I think I am right in saying that a 'zone' in normal pictorial lenses refers to an annular ring around the axis. In real, 'thick' lenses there is room for that ring to move about (on the front element, the aperture stop, the pupils etc) but in an idealised thin lens, which can still have spherical aberration etc, the idea is clear.

An example of a non-zonal aberration would be longitudinal colour: even rays arbitrarily close to the optic axis are focussed to different places.

Emmanuel BIGLER
19-Dec-2006, 04:29
... and another example on non-zonal aberration is distorsion. Even if the lens is stopped down by a conventional iris located on-axis, even if the image is acceptably sharp, distorsion remains even if all rays are forced to cross the iris very close to the axis.

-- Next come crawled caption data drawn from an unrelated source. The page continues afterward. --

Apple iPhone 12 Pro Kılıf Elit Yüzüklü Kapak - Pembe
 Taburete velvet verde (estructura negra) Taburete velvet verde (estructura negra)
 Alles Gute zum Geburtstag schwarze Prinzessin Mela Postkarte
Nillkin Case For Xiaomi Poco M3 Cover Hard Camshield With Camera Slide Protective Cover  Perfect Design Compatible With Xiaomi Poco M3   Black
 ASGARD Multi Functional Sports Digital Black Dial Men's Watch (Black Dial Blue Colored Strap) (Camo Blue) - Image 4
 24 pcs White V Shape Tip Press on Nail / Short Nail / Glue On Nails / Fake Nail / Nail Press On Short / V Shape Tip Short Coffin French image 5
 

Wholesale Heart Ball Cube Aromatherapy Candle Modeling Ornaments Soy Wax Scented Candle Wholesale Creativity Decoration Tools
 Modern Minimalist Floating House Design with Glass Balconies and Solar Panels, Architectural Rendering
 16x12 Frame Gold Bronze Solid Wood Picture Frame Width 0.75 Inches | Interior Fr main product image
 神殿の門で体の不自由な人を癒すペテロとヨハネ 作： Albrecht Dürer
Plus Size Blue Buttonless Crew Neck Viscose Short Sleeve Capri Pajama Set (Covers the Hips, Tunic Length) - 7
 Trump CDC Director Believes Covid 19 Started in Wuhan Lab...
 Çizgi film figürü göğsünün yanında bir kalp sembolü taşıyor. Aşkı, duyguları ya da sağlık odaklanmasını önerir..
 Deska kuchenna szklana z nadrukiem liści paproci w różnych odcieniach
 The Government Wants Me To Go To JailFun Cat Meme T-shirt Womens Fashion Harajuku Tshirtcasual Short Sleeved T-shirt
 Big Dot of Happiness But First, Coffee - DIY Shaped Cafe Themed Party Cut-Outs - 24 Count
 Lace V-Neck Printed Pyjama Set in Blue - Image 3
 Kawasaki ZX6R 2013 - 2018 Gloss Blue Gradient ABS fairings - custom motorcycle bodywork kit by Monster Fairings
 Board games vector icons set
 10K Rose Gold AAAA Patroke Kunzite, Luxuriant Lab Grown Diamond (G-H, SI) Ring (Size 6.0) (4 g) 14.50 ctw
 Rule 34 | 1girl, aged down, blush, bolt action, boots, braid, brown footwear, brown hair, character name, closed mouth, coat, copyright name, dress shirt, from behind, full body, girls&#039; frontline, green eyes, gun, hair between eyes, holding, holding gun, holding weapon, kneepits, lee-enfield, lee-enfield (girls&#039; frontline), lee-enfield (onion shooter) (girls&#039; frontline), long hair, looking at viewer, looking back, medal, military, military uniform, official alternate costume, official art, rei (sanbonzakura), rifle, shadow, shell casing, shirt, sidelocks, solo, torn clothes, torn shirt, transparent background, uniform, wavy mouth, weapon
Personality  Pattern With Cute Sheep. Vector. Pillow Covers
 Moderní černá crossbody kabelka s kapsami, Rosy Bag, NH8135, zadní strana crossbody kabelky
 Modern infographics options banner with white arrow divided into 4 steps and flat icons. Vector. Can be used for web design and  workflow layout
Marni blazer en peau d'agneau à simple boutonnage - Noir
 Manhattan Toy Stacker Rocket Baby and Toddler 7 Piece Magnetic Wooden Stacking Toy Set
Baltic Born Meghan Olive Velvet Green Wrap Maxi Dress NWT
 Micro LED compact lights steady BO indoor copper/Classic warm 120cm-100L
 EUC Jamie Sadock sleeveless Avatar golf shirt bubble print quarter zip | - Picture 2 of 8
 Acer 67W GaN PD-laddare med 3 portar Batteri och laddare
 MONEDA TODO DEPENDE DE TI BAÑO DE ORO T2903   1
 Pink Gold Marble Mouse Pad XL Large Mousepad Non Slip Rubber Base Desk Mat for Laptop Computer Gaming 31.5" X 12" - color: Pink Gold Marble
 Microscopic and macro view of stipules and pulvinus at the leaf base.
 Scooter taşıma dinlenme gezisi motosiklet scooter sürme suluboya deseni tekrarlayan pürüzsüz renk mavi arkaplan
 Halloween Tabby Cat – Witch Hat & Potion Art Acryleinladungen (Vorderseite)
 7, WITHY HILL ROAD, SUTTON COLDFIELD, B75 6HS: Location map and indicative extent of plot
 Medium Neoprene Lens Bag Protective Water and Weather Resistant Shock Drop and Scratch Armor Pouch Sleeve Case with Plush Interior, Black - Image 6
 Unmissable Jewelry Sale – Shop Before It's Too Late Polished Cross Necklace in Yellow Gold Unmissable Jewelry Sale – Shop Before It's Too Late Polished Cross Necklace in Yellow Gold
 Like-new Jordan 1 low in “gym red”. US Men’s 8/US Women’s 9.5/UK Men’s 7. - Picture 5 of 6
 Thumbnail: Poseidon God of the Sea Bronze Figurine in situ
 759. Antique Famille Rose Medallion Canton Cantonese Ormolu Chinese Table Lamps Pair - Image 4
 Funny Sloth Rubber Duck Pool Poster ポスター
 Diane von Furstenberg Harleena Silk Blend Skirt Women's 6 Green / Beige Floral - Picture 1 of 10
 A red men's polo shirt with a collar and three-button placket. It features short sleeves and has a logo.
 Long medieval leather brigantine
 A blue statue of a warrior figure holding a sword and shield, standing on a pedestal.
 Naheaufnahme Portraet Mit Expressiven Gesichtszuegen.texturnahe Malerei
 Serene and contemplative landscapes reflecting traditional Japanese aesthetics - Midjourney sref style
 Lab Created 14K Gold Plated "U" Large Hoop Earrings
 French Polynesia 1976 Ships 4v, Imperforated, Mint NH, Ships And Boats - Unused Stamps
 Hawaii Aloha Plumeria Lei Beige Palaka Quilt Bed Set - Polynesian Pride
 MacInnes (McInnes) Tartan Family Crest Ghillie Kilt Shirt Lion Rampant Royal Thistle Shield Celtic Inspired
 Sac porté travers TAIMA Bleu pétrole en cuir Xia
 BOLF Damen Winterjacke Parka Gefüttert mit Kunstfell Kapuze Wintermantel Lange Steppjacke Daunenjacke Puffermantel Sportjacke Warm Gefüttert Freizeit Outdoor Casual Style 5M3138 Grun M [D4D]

A good example of a zonal aberration is coma. I remember being a student trying to show in practice the effect of coma, in fact this is almost impossible to show with a single lens element. You need at least a doublet corrected from spherical aberration (chromatic aberration being optional, you can show the effect with a broadened laser beam). Or a parabolic mirror.
Then you cut out two pieces of cardboard inner/outer circles and define an annular aperture ; then select one after another various parts of this annular aperture, or zone.
Eventually you'll se the characteritic shape of a coma spot and how it is generated by combination of separate parts of the annular zone... but if spherical aberration is there, forget it...

James E Galvin
19-Dec-2006, 08:08
An example for spherical aberration. It is usual to adjust the design so that rays near the lens center and from a ring at .7 of the radius come to a common focus, this gives the best overall correction. but it isn't perfect. Rays from smaller radii, and from larger, miss the focus a bit. The varius radii are called "zones", so that the .7 zone is corrected, other zones have some error. In general, any correction that is good for only one radius, leaving some error at other radii, leaves zonal aberration.